[EXTRACTED INFORMATION]

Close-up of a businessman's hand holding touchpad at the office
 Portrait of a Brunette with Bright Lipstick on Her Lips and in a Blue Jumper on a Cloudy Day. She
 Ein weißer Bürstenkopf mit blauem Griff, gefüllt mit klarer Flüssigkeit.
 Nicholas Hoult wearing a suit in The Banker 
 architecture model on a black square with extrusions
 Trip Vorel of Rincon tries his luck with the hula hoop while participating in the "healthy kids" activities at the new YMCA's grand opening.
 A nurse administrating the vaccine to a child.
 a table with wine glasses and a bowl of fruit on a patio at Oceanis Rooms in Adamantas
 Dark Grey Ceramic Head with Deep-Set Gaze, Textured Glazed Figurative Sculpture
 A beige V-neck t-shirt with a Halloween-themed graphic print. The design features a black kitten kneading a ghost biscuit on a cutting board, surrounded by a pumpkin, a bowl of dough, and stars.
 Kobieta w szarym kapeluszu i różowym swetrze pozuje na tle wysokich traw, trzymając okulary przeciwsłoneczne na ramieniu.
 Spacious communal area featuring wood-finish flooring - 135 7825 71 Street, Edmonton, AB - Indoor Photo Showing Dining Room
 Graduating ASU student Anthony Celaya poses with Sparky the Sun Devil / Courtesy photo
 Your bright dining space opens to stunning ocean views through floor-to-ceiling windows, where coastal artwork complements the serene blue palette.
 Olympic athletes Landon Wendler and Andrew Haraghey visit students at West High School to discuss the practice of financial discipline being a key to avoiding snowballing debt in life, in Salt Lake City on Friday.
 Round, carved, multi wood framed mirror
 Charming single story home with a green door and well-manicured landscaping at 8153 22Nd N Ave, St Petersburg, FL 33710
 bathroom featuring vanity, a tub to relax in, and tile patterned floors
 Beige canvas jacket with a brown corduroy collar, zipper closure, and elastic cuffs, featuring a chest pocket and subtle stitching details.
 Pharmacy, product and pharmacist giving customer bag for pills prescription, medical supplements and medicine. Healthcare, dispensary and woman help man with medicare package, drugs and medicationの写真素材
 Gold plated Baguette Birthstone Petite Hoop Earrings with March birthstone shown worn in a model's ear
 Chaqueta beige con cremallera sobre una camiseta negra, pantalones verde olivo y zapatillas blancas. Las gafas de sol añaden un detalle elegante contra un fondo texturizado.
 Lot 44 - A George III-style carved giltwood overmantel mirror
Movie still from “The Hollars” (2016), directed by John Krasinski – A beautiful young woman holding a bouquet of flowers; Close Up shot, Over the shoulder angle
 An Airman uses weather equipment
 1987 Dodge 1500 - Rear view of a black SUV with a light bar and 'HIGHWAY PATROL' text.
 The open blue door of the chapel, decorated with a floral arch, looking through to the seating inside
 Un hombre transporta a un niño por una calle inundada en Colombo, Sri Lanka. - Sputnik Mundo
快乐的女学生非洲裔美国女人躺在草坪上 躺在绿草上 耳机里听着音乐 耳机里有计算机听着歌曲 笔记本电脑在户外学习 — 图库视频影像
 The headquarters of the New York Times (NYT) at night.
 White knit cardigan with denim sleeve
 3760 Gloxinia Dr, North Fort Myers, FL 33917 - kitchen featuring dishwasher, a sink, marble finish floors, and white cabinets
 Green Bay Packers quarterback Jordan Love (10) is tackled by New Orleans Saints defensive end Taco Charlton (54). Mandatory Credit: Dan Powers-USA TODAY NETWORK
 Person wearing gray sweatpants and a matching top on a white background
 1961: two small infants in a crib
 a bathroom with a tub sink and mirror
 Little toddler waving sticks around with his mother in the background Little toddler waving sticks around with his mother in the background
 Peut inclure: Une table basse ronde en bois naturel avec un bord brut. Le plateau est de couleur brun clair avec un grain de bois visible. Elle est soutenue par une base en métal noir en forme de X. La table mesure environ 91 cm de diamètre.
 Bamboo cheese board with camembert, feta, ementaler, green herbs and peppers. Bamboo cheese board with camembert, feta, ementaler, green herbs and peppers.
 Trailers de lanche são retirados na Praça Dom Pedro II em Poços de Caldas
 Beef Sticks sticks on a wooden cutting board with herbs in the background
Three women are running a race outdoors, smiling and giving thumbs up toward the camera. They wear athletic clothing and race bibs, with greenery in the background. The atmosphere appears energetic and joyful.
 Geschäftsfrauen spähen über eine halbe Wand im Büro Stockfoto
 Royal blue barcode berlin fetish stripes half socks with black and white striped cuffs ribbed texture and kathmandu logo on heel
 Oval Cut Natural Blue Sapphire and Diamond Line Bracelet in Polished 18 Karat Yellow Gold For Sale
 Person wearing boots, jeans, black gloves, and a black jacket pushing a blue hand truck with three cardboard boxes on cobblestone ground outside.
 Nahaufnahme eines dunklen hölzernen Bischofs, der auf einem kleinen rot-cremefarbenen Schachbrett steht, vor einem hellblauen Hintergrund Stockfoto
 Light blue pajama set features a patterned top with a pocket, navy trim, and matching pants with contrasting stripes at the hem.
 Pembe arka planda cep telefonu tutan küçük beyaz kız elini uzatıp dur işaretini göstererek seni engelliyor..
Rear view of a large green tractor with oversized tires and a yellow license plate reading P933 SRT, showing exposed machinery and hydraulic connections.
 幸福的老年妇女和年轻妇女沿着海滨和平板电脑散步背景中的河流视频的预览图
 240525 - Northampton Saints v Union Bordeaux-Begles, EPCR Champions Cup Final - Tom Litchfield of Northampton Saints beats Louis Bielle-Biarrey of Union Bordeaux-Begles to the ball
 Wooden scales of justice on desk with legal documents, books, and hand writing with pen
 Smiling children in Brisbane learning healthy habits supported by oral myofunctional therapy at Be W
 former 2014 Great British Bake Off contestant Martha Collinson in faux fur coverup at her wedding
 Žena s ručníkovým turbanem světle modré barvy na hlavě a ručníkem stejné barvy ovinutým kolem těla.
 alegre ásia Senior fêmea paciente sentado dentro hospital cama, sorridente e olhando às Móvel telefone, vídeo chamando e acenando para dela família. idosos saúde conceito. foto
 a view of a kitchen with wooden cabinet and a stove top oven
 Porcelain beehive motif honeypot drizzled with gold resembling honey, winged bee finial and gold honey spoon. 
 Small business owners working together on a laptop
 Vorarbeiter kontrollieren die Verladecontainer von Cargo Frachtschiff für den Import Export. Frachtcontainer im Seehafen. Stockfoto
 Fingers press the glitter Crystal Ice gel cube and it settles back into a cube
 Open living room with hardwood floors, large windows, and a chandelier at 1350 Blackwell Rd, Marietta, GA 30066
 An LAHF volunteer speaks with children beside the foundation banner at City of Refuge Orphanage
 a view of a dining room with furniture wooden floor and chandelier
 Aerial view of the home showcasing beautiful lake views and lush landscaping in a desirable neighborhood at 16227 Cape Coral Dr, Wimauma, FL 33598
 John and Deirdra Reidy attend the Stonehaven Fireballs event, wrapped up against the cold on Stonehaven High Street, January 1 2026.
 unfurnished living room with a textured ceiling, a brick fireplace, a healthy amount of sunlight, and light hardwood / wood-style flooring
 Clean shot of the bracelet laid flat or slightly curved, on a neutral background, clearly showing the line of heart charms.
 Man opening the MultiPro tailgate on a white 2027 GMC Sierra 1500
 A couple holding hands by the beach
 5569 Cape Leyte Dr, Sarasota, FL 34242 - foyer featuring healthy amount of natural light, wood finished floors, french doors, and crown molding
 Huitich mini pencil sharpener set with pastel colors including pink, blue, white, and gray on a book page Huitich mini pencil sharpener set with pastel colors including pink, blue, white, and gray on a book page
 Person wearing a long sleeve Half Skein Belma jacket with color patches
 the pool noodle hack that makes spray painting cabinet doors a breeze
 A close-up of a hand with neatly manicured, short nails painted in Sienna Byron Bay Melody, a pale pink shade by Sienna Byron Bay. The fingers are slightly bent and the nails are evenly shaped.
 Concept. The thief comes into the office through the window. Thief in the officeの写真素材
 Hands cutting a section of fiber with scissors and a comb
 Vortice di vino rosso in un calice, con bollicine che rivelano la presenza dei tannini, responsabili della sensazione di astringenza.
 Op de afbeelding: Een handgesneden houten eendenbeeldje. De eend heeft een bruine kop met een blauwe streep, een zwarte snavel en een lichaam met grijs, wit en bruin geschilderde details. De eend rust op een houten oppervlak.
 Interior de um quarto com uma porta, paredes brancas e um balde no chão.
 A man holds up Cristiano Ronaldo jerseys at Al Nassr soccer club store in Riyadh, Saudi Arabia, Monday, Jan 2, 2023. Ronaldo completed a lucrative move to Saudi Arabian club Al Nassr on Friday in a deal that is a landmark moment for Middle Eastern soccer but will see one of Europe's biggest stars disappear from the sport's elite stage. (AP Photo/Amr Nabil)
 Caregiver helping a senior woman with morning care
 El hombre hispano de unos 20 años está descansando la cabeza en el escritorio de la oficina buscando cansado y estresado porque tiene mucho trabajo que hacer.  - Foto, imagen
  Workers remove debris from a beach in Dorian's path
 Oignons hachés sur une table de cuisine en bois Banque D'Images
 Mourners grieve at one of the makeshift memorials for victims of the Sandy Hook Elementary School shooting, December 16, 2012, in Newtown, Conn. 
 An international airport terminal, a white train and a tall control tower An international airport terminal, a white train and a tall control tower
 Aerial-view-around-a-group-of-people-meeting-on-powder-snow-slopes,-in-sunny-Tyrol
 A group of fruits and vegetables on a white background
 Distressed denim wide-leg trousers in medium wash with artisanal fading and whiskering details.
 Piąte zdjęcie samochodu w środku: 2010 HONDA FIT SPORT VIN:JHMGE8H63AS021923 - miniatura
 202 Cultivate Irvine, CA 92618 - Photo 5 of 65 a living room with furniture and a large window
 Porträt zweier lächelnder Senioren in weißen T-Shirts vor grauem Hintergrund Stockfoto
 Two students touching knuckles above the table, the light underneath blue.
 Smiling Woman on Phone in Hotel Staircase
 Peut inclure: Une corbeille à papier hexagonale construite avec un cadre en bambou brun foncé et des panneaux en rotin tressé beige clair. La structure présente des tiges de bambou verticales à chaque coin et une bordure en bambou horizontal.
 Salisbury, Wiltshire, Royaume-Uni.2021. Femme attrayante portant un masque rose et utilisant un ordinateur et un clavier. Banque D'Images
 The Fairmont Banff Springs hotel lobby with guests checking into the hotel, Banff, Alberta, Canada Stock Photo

[/EXTRACTED INFORMATION]

REQUIRED ACTION
What you return should be exactly the lines above, starting at the one with "Oval Cut Natural" and ending at the one with "Light blue pajama", and nothing else.

THE ANSWER
 Oval Cut Natural Blue Sapphire and Diamond Line Bracelet in Polished 18 Karat Yellow Gold For Sale
 Person wearing boots, jeans, black gloves, and a black jacket pushing a blue hand truck with three cardboard boxes on cobblestone ground outside.
 Nahaufnahme eines dunklen hölzernen Bischofs, der auf einem kleinen rot-cremefarbenen Schachbrett steht, vor einem hellblauen Hintergrund Stockfoto
 Light blue pajama set features a patterned top with a pocket, navy trim, and matching pants with contrasting stripes at the hem.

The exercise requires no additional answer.